# My AR2 is in ( pics)



## UpStroke (Oct 12, 2008)

For a while I was getting buyers remorse for spending the $$$
on a bike. But then I saw it.
There is another problem though. The Dura-Ace compact
crank is back ordered until the end of March. I just found that
out tonight. The LBS hasn't had time to contemplate a solution yet,
so we'll see what they think up by Saturday.


----------



## IanChilders (Dec 24, 2008)

You don't need a compact with a bike that fast, haha. I came from a compact crank on my F75 and I didn't have a problem climbing more than a 15% grade for about a quarter mile yesterday. Like I told you before, that red saddle looks sweet on there. Do you think you can hook me up with some pedals like those?


----------



## UpStroke (Oct 12, 2008)

IanChilders said:


> You don't need a compact with a bike that fast, haha. I came from a compact crank on my F75 and I didn't have a problem climbing more than a 15% grade for about a quarter mile yesterday. Like I told you before, that red saddle looks sweet on there. Do you think you can hook me up with some pedals like those?

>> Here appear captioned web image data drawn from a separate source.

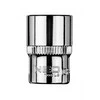Šešiakampė galvutė NEO 08-452 1/4", 12 mm, CrV plienas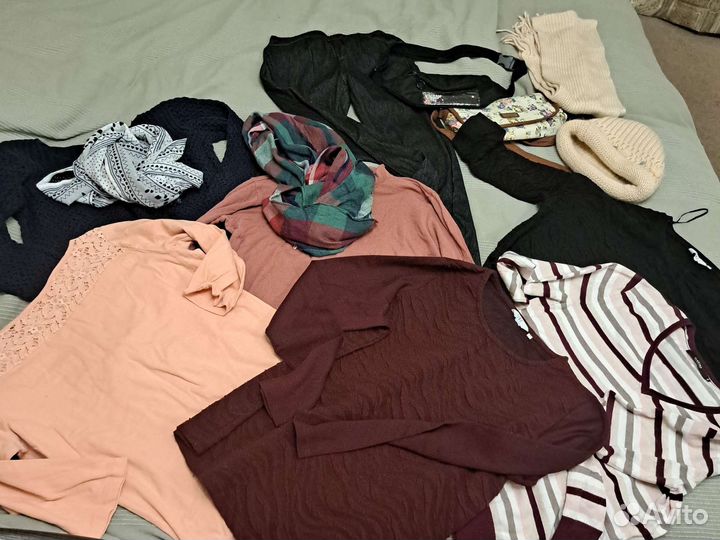 Вещи пакетом женские 44 46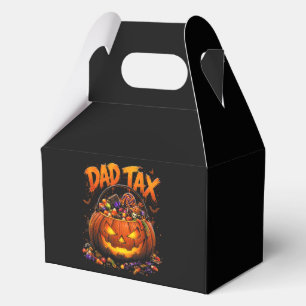 Ballotins Taxe Papa Drôle Halloween Citrouille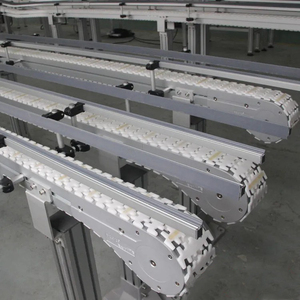 יצרן מערכת מסוע שרשרת צד גמיש פלסטיק באיכות גבוהה מותאם אישית - Product Image 4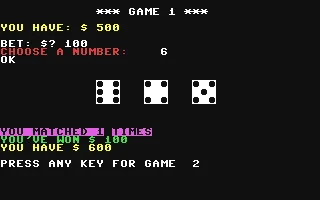 Chuck-a-luck box art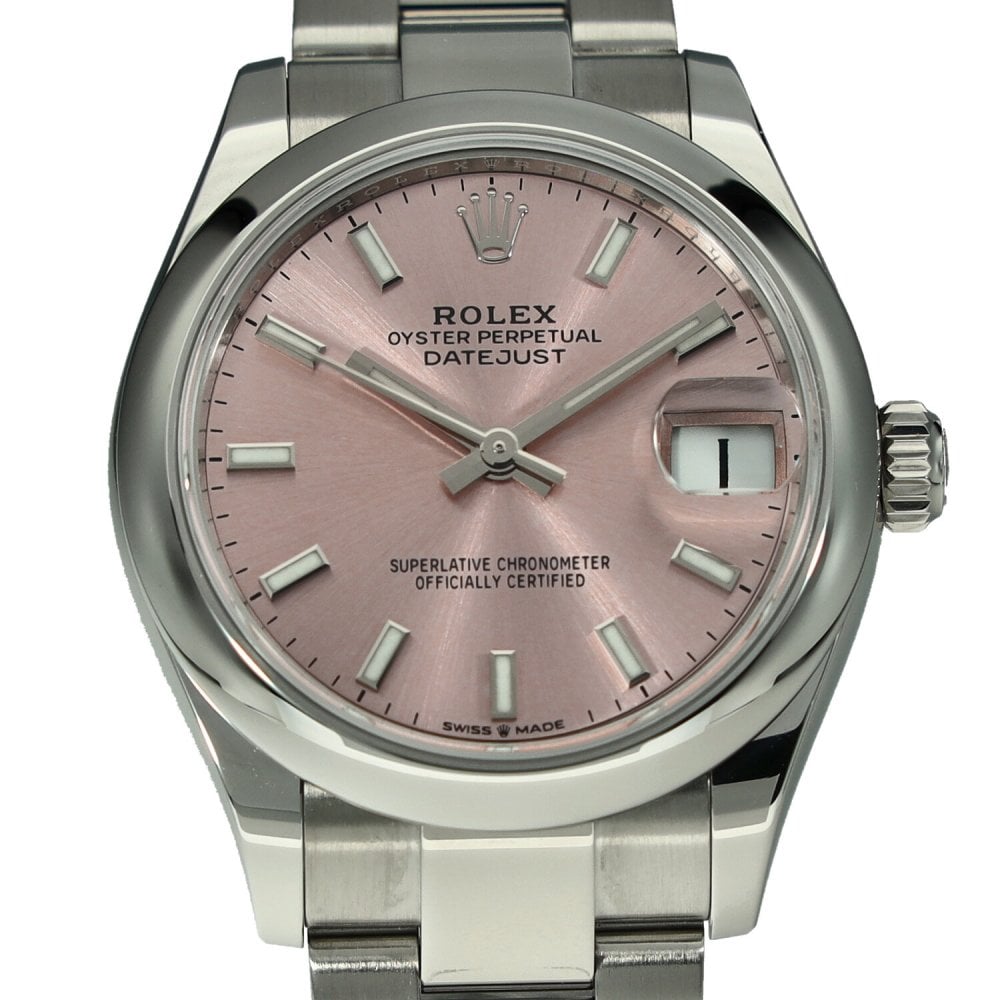 Datejust 278240 - Midsize Watch - Pink Dial - 2023
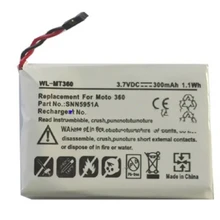 3 шт./лот TTVXO 300 мАч батарея SNN5951A для Smartwatch Motorola Moto 360 WX30 батарея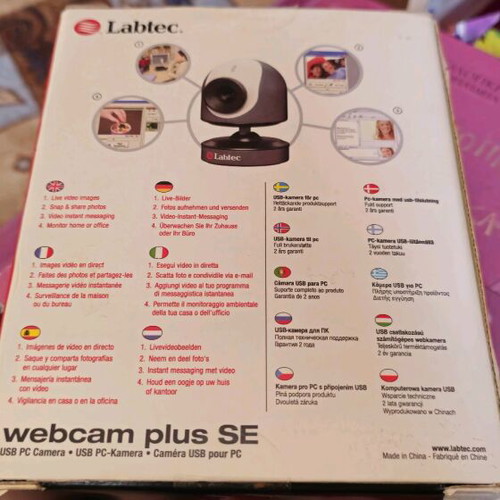 Labtec computer camera like new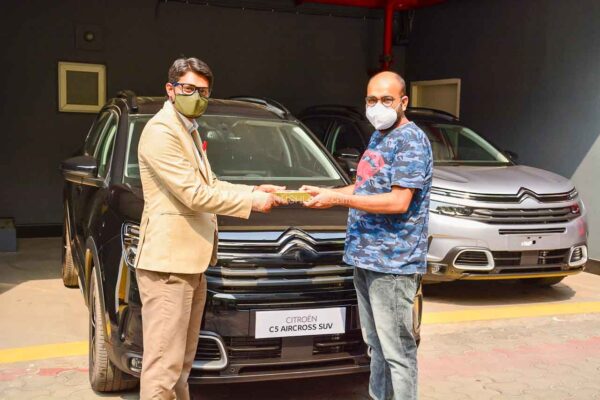 CItroen C5 Aircross Deliveries Start In India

You only weight 125 lbs...you just levitate up hills. My goal weight this
year 192, and I am old.
The pedals are the new Bontrangers. They were 400.00, but
they're yours for only 175.00.


----------



## DS1239622 (Mar 21, 2007)

For some reason I can't see the pics. They aren't even showing up as broken images or anything. They just aren't there. Any ideas?


----------



## UpStroke (Oct 12, 2008)

Try reloading the page.


----------



## UpStroke (Oct 12, 2008)

Here is direct

https://img502.imageshack.us/img502/5086/ar2fno6.jpg

https://img262.imageshack.us/img262/9990/ar26ra2.jpg

https://img262.imageshack.us/img262/9990/ar26ra2.jpg


----------